Bunların arasında “Otomotiv ve Beyaz Eşya Yan Sanayi” firmalarının yaşadığı tecrübeler diğerlerine göre farklı ve bence diğerlerinin bundan çıkartabileceği dersler var (yan sanayi firmalarının da diğerlerinden var ancak bunu başka bir yazıya bırakıyorum). İşte bu yazımda bunlardan bahsetmek istiyorum.

Tedarik Zinciri kelimesini duymuşsunuzdur, hani müşteriden ilk maddeye uzanan zincir, üzerinde çeşitli üretici, dağıtıcı ve hizmet gruplarının yer aldığı bir nevi organizma olan firma bulutu. İşte bu zincirin içinde olmanın ne demek olduğunu en iyi yaşayabileceğiniz yerlerden birisi bir yan sanayi firmasıdır.

Otomotiv ve Beyaz Eşya Yan Sanayi firmalarını diğerlerinden ayıran en önemli unsur “müşterileri” ve üretimine katkıda bulundukları ürün grubunun “herkesin gözü önünde” olmasıdır.

Müşteriler kimler, Ford, Tofaş, Renault, Toyota, Arçelik, Mercedes, Siemens,Vestel, Isuzu, Honda … Ortak özellikleri ne ?

1. Satınalma yaptıkları firmalardan onlarca, yüzlerce kat büyük olmaları

2. Tüketicinin oldukça hassas olduğu ürünleri üretiyor olmaları

3. Birbirleri ile yoğun rekabet içinde olmaları

Bu durum yan sanayilere en ekonomik yolu bulmak şeklinde geri dönüyor, ana sanayi denilen bu firmaların onlardan çok şey beklemelerine yol açıyor, zincir buna mecbur.
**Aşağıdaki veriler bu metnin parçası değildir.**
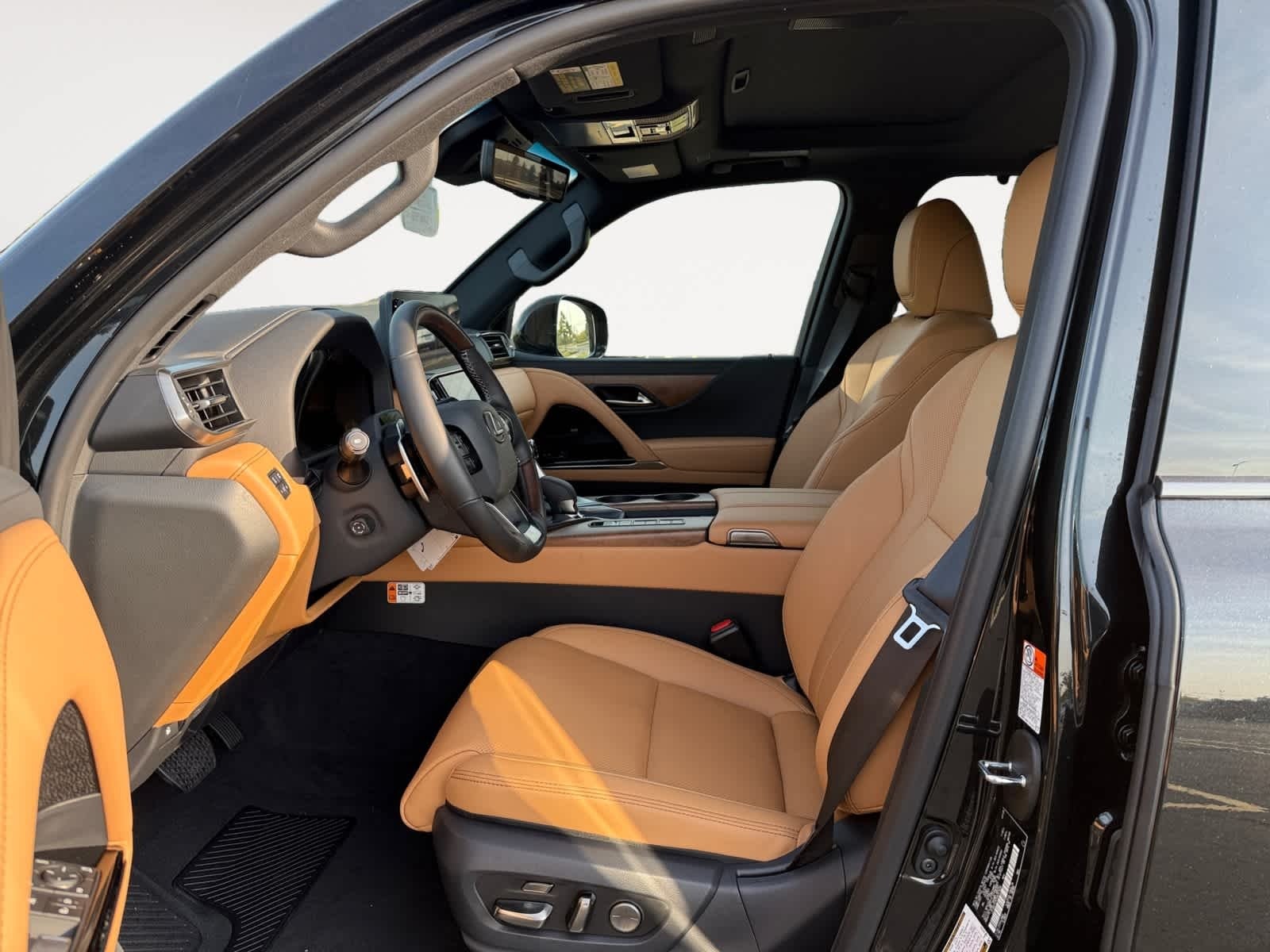 2025 Lexus LX HYBRID LX 700h LUXURY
Hem fiyatlar düşmeli hem kalite – güvenlik – albeni artmalı.

İşte bu yüzden bir çok tedarik zinciri uygulaması bu gruptan ortaya çıkıyor.

Örneğin yan sanayilerin bir kısmı (çalışılan ana sanayi firmasına göre değişir) sürekli değişen siparişler ile çalışır, biraz abartacak olursak durum şöyle … Sabah ekranınızda örneğin 3 gün sonrası için siparişi görüyorsunuz, öğleden sonra yok oluvermiş veya sayısı artmış veya eksilmiş … kısacası değişmiş (o sipariş aslında tamamen yok olmuyor ama tarihi ileriye doğru kayıyor, tamamen yok olması biraz daha farklı oluyor). Tek değişemeyecek şey ise yan sanayi firmasının bu değişime ayak uydurması gerektiği, zaten uydurmam diyorsa yerini başkası alıyor. Buna ayak uydurabilmek için yapılan yazılım yatırımlarıda dünyada ERP yazılımı işinin önemli bir kısmını oluşturuyor.

Müşteri çok büyük olunca istekleride zorlayıcı oluyor elbette. Firmalar buna ayak uydurabilmek için kendi sistemlerini geliştirerek çözüm buluyorlar, zaten bu yüzden en önemli “lean” çalışmaları bu sektörden doğmuş durumda.

Demek ki zorlanınca oluyormuş diyor insan.